Stored data below:
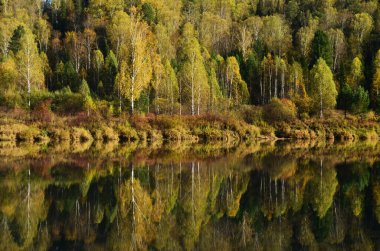 Ormanın sudaki yansıması.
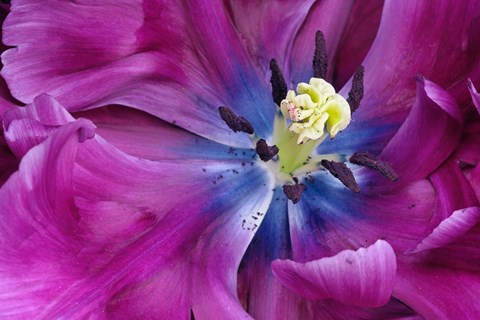 Framed Tulip Closeup, Keukenhof Gardens, Lisse, Netherlands, Holland Print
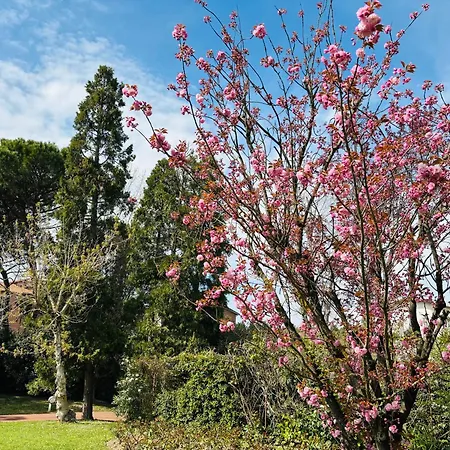 Bed & Breakfast Opera Deluxe Ravenna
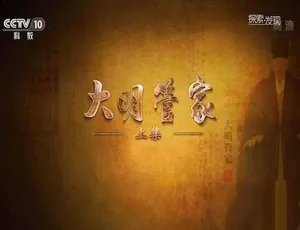 《大明管家》精彩纪录片：TS 蓝光画质，全 2 集，1.41G 百度网盘资源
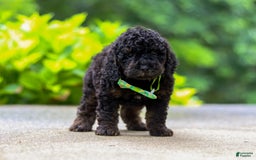 Cockapoo dogs for sale: Midnight - Image 1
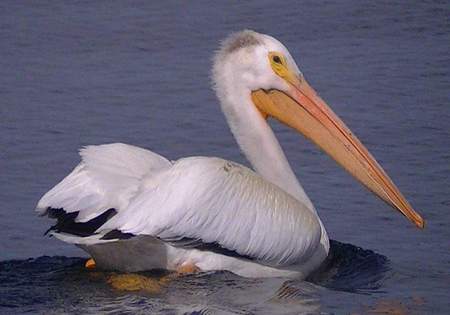 Pelican at Cluculz Lake 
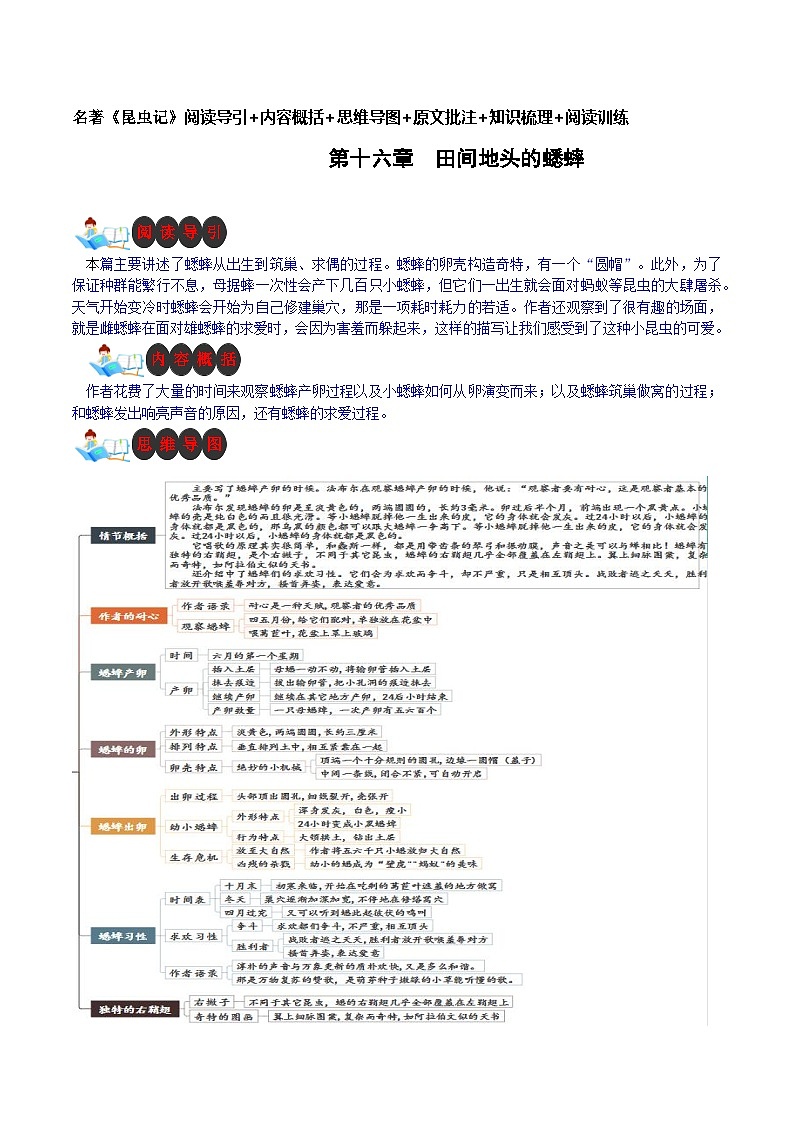 第十六章 田间地头的蟋蟀-名著《昆虫记》阅读导引+内容概括+思维导图+原文批注+知识梳理+阅读训练第1页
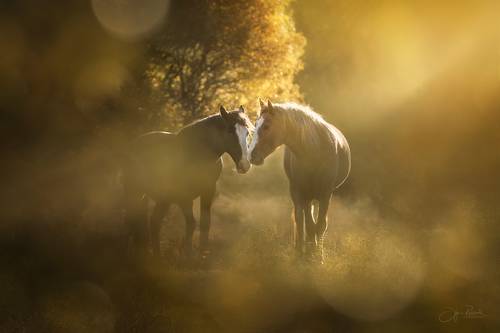 Осень на двоих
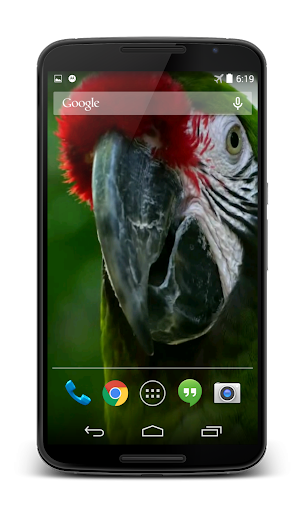 Parrot 3D Video Live Wallpaper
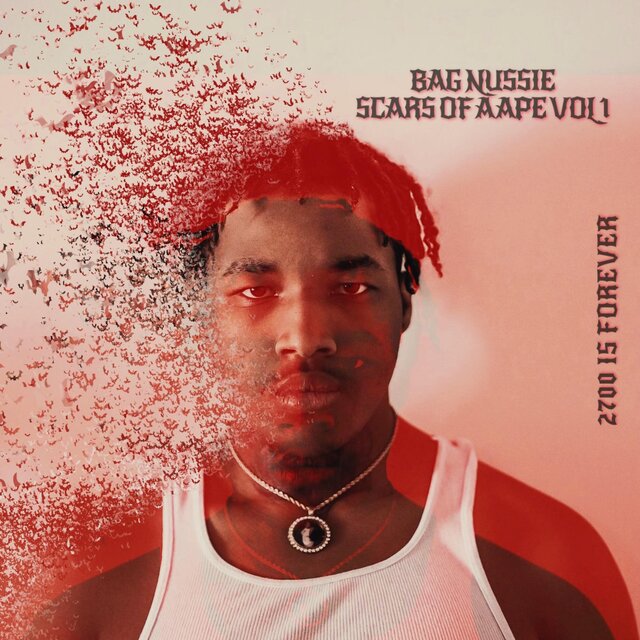 Scars Of A Ape Vol 1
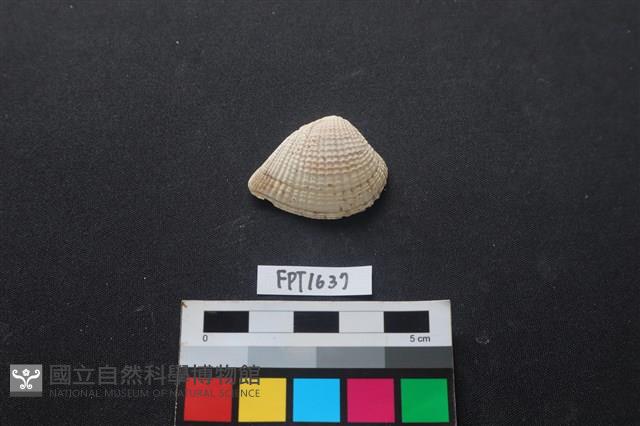 貝殼藏品圖，第1張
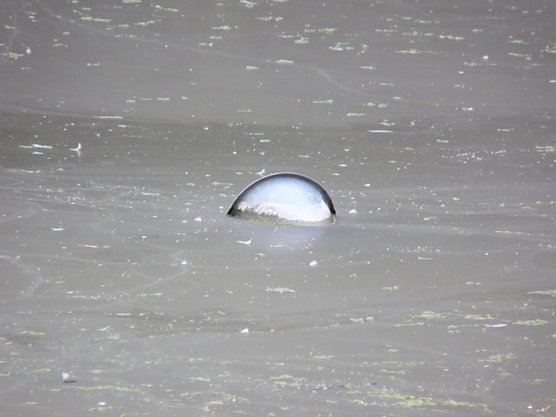Sanierung Parkteich (Foto: Karl-Heinz Herrmann)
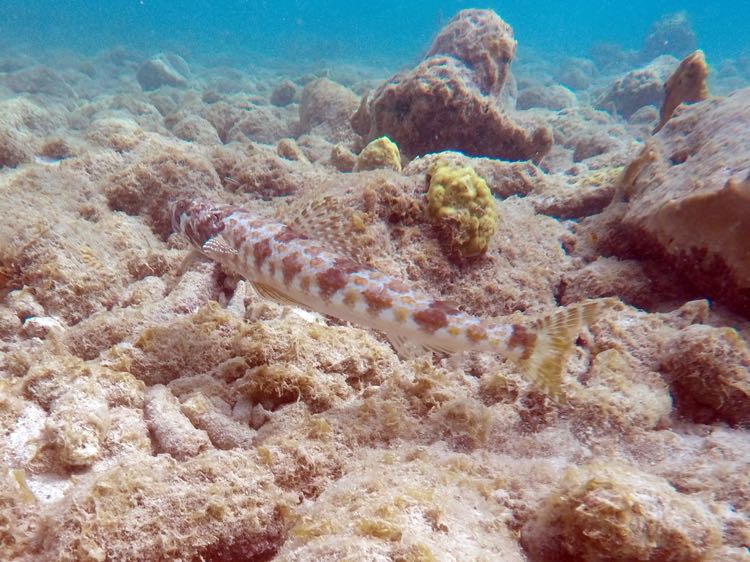 Bluestriped Lizardfish (9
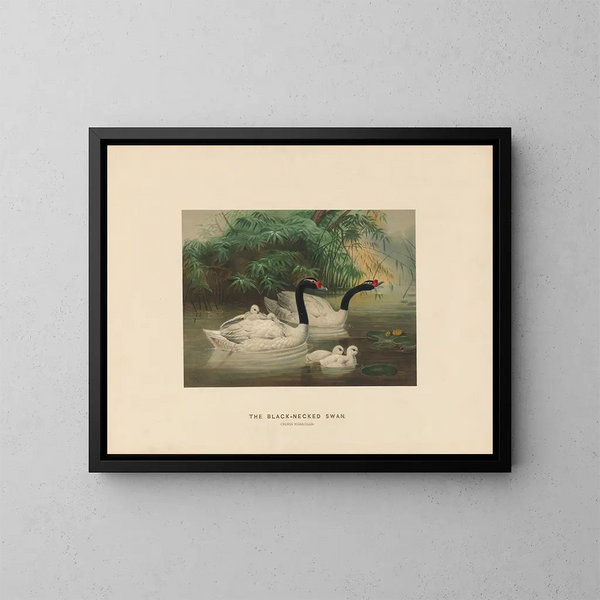 Il cigno dal collo nero - Joseph Wolf — quadro incorniciato alla parete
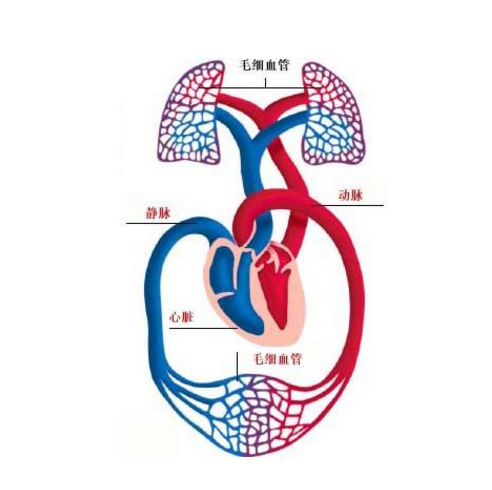 肺假性淋巴瘤的發病原因及其癥狀表現與治療方法有哪些？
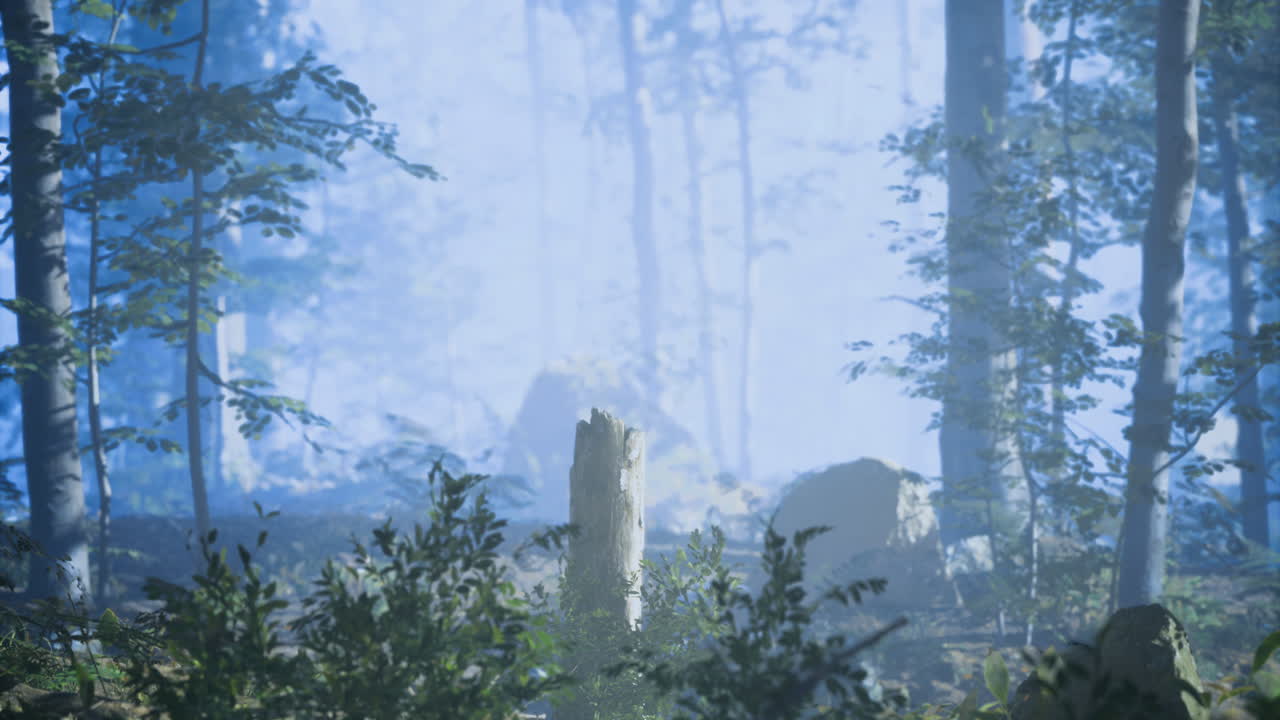 Misty forest landscape with a lone tree stump illuminated by soft light
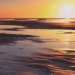 Wadden Sea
End of Stored data.
Action item: Could the entries above be copied out exactly, with no pictures included?

Output:
 Ormanın sudaki yansıması.
 Framed Tulip Closeup, Keukenhof Gardens, Lisse, Netherlands, Holland Print
 Bed & Breakfast Opera Deluxe Ravenna
 《大明管家》精彩纪录片：TS 蓝光画质，全 2 集，1.41G 百度网盘资源
 Cockapoo dogs for sale: Midnight - Image 1
 Pelican at Cluculz Lake 
 第十六章 田间地头的蟋蟀-名著《昆虫记》阅读导引+内容概括+思维导图+原文批注+知识梳理+阅读训练第1页
 Осень на двоих
 Parrot 3D Video Live Wallpaper
 Scars Of A Ape Vol 1
 貝殼藏品圖，第1張
Sanierung Parkteich (Foto: Karl-Heinz Herrmann)
 Bluestriped Lizardfish (9
 Il cigno dal collo nero - Joseph Wolf — quadro incorniciato alla parete
 肺假性淋巴瘤的發病原因及其癥狀表現與治療方法有哪些？
 Misty forest landscape with a lone tree stump illuminated by soft light
 Wadden Sea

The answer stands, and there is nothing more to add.